- Provided material:
------------------------------------------------------------------------

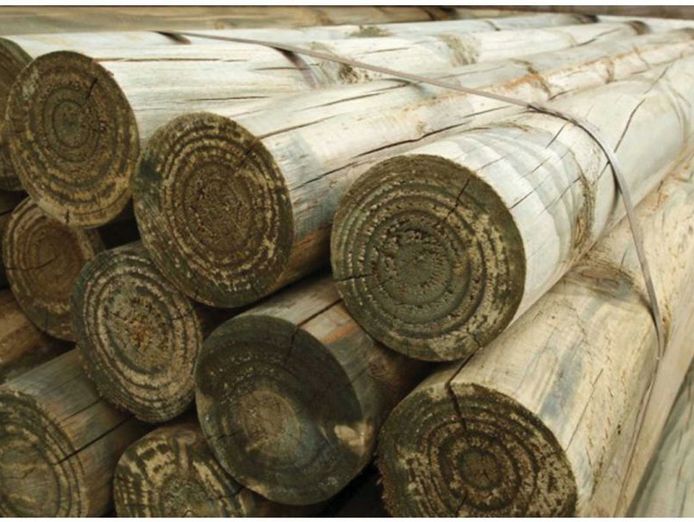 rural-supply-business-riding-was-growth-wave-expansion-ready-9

------------------------------------------------------------------------

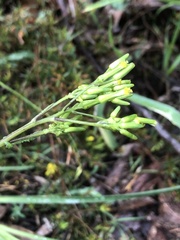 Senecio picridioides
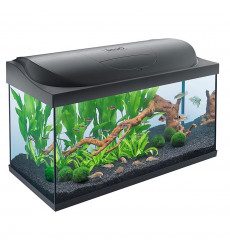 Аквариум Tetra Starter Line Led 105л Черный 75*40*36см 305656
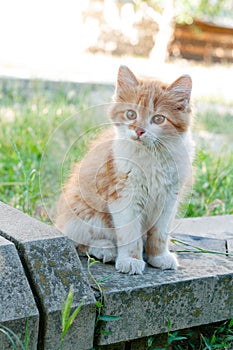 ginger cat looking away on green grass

------------------------------------------------------------------------

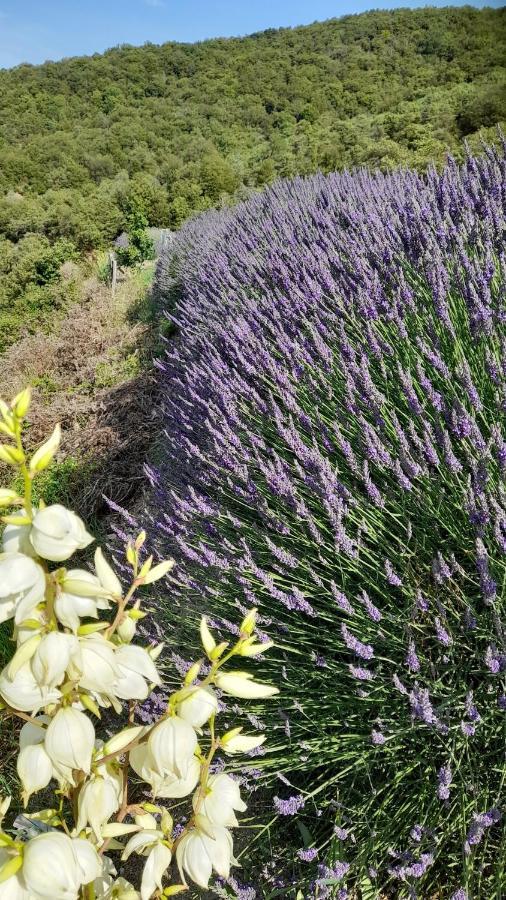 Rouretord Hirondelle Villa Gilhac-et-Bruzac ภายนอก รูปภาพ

------------------------------------------------------------------------

- Your task:
The data above holds the lines to copy: start at the one with "Аквариум Tetra Starter", stop at the one with "ginger cat looking away on green grass", include both, copy them exactly without pictures, and copy nothing else.

- Completed exercise:
 Аквариум Tetra Starter Line Led 105л Черный 75*40*36см 305656
 ginger cat looking away on green grass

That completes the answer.